We must start by looking honestly in the mirror, revisit the ideas of fairness and equality, and refocus on that collective good, as Pollitt fantastically does here:
I would gladly pay higher taxes to prevent layoffs of teachers, cops and firemen; to improve our schools and universities; keep libraries open; expand public transportation; and put unemployed people to work repairing our tattered infrastructure, building public housing, maintaining our parks, staffing childcare centers. And what about that green technology Obama used to talk about—wind power, solar power, high-speed trains? There is no shortage of important work that needs to be done, and the costs of not doing it are very high. Unfortunately, the same leaders who fear asking us to sacrifice by paying higher taxes have no qualms about spending the money we already give them—and borrowing more—to pay for wars, war toys and prisons, while organizing the tax structure around the greed of corporations and the richest sliver of the population. The lavishing of treasure to pay for our militarized, increasingly unequal society is the sacrifice most of us are already making. Is it any wonder that people respond to calls for sacrifice with defensiveness and cynicism?

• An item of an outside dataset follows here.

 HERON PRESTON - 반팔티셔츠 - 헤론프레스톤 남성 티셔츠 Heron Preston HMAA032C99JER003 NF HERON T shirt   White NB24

Adding to the difficulty of selling the public on sacrifice is that the salesman is usually a very rich and successful person who will barely feel the pinch of the policies he proposes. “Americans have become masters of ‘sacrifice avoidance,’ ” intones Eliot Spitzer in his Slate column. This immensely wealthy man, who spent more than $100,000 on prostitutes and thereby cost New York its best shot in a generation at a functioning state government, tells me to read the Gettysburg Address and be inspired to “a greater sense of national purpose”?
Multimillionaires who argue for raising taxes should start by proposing taxes on themselves that would actually lower their standard of living. Until then, they’re not really sharing the sacrifice they want to impose on the rest of us.
Is it a wonder that so many think Americans are the greediest people on earth?